Leaving a series of distractingly nonlethal explosions in its wake, the Marvel Cinematic Universe returned to theaters after a two year absence with "Black Widow." The long-awaited solo picture finally let viewers know just what in the world Scarlett Johansonn's Agent Romanoff was getting herself up to circa 2016, what the backlash was like after the implementation of the Sokovia Accords, and, most importantly, that she dyes her own hair with stuff from the grocery store. Like, Marvel movies have always played it fast and loose with the laws of physics and nature, but come on. Impeccable coverage with no signs of frizz from box dye that she applied herself? And we're supposed to believe that she doesn't have super powers?

In any case, Black Widow's backstory had a few cracks puttied in, offering viewers a better feel for the guilt and loathing inherent in the MCU's favorite shadowy assassin. What's more, her solo flick showed us just what she was doing between "Captain America: Civil War" and "Avengers: Infinity War." Step one: She reunited her unconventional family and helped take down a ring of mind-controlled international saboteurs. Step two: She stood in a field of burning wreckage and waited to be arrested by William Hurt's General Ross and a small army of troops under his command. Step three: Flash forward to two weeks later without any explanation for how Natasha got out of this latest bucket of molasses. If it feels to you like we missed a step, it's only because ... well, because that's a pretty huge leap for the third act of a movie to make.

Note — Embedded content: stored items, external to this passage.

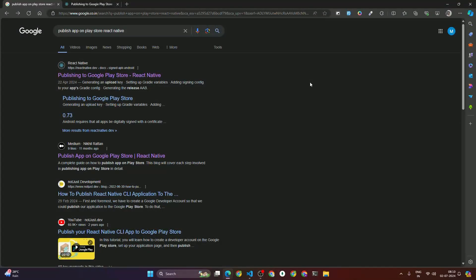Hey guys, welcome to Zero Decoder. In this video I'm going to talk about how to build an APK file or AAB file for a React Native project. To build the APK file you have to open Google and search 'publish app on Play Store React Native.' Once you search this you will find the article 'Publishing to Google Play Store' by the React Native official documentation. Click on that website.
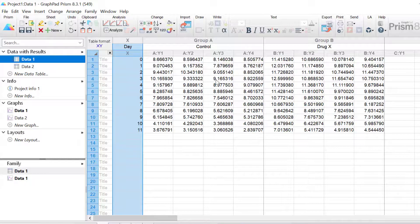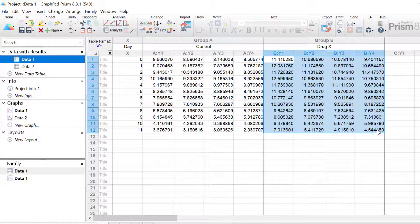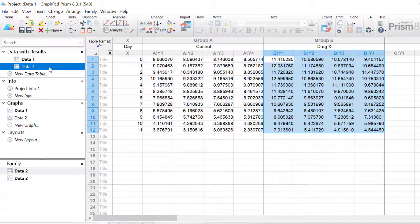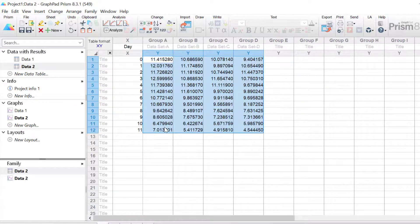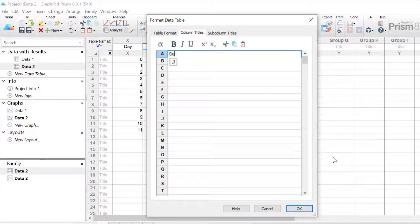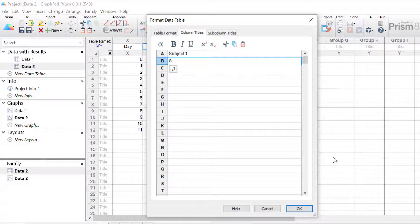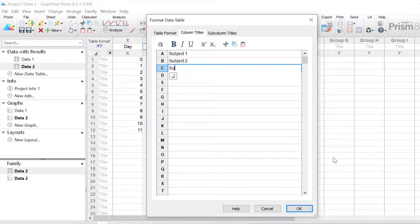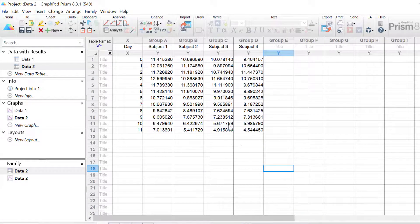Next I'm going to go back to the original data sheet and select to copy the replicate data for drug X only, then copy this into the Y columns in the new data sheet. I want to give my replicates different titles, so I'll double click on the title cell of the Y columns to open up the format data table window and enter a title for each column — subject1, subject2, subject3, and subject4 — then click OK. Now we have our data table set up.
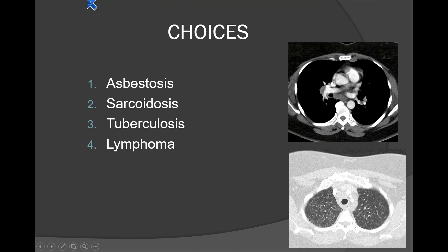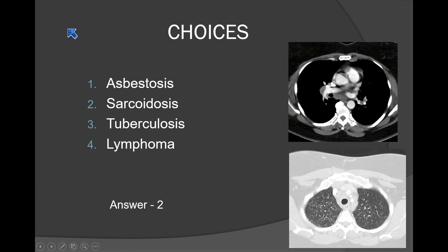Is this asbestosis? Is it sarcoidosis? Is it tuberculosis or is it lymphoma? There are a couple of possibilities here. Audience responses include TB and sarcoidosis.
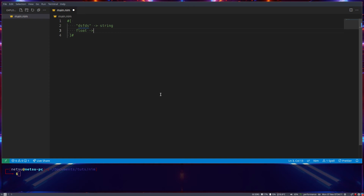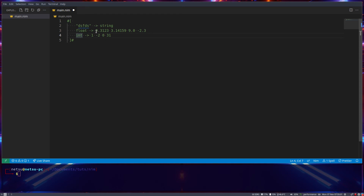You also have float, and float represents numbers like 9.3123 — any non-whole numbers, so 3.14159, or even 0.9, or negative 2.3. That is an example of a float, and we'll be getting deeper into this as we continue the course. You also have int — an integer — which is a whole number: 1, negative 2, 0, and so on.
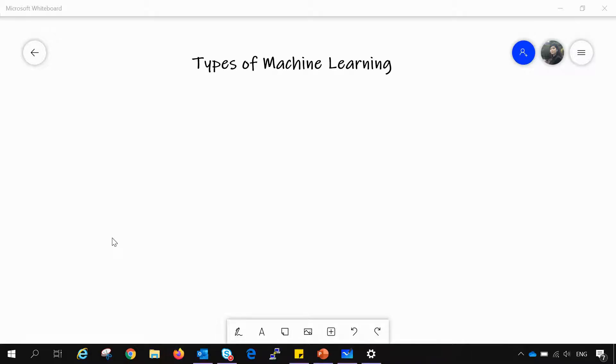Hello friends, welcome to this channel. I'm Manjeet Kaur and today in this lecture we will learn about the different types of machine learning. So let's get started.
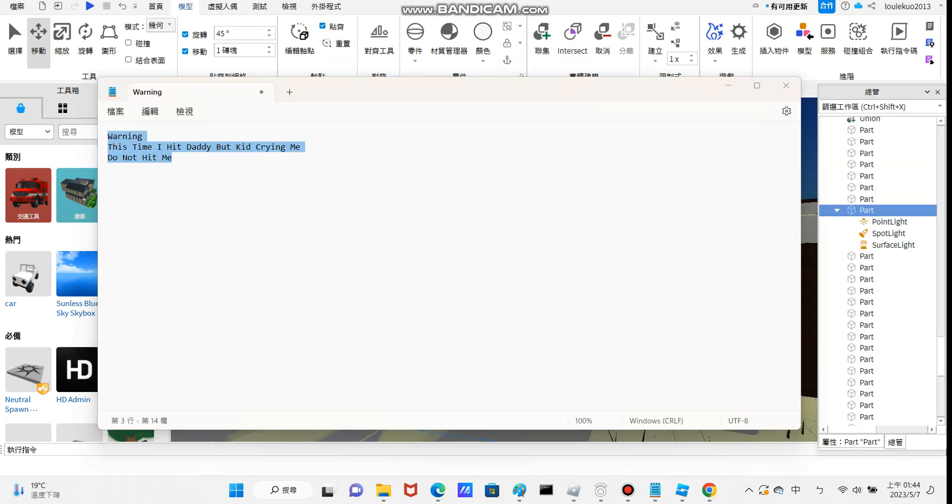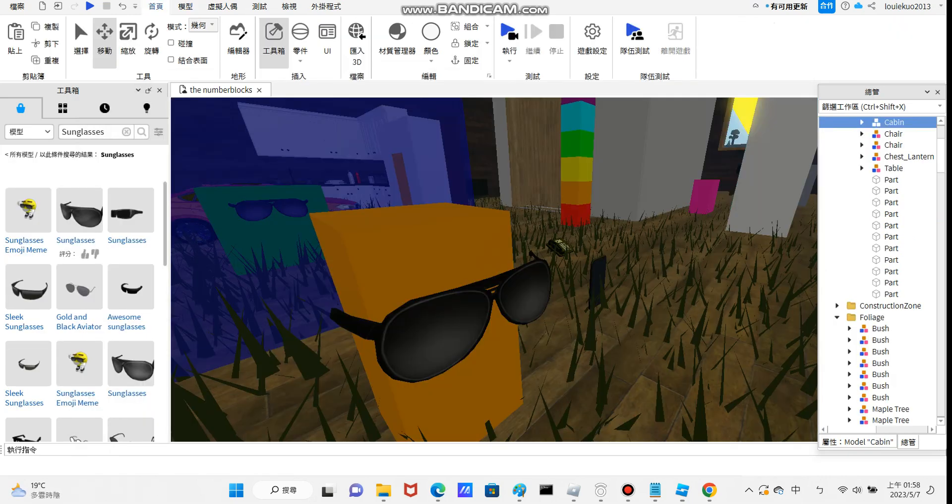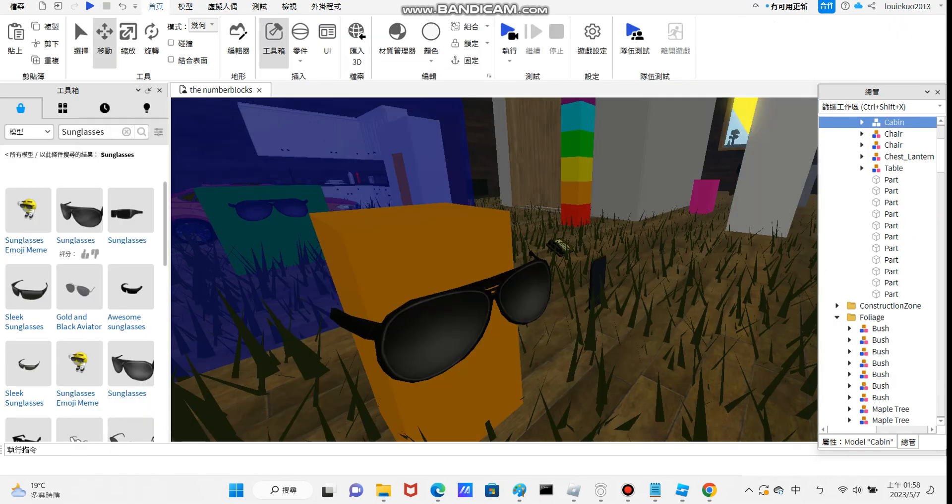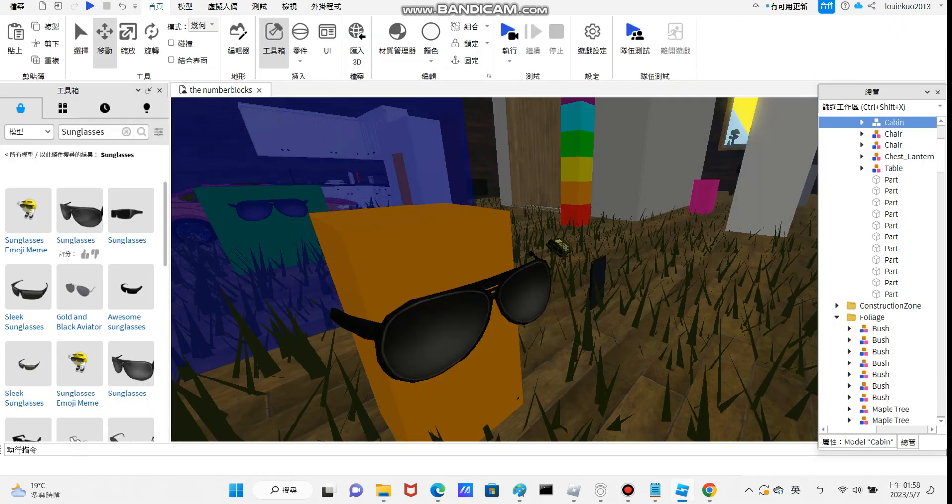Warning. This time I hit daddy but him cryingly. Do not hit me. What the heck is happening? And why his brightness?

Black Widow's escape from Ross leaves something to be desired

In the moments that follow "Black Widow's" climactic battle, Natasha's family faces a new threat. The pose-happiest Avenger has summoned the wrath of General "Thunderbolt" Ross, the cardiovascularly-challenged firebrand with a penchant for hunting down unregistered super folk and dropping them in an aquatic prison for safekeeping. Audiences gasped as Ross pulled up to the scene of the film's final conflict, accompanied by a convoy of military personnel, surrounding Romanoff as her family made a daring escape to the promise of freedom and further franchise appearances. How would Black Widow, with nothing but a lifetime of training in the art of jumping around and shooting people to back her up, get out of this dang old pickle?

The answer, it seems, is "who knows?" The story drops off without offering fans a single hint as to how Natasha got away. Not to nitpick, but when it picks back up, she's also accumulated enough wealth to buy a top-of-the-line sci-fi fighter jet, answering the "where did Black Widow and Captain America get their slick new ride in 'Infinity War?'" question, but raising so, so many others.

Who knows how Nat got away from Ross. Maybe she struck a deal on the basis of having just exploded a leftover Soviet infiltration ring. Maybe the majority of his forces were squished by the still-falling debris from the Red Room. Maybe Ross just didn't recognise her in her sick new vest. The point is, the plot of "Black Widow" has some red in its ledger.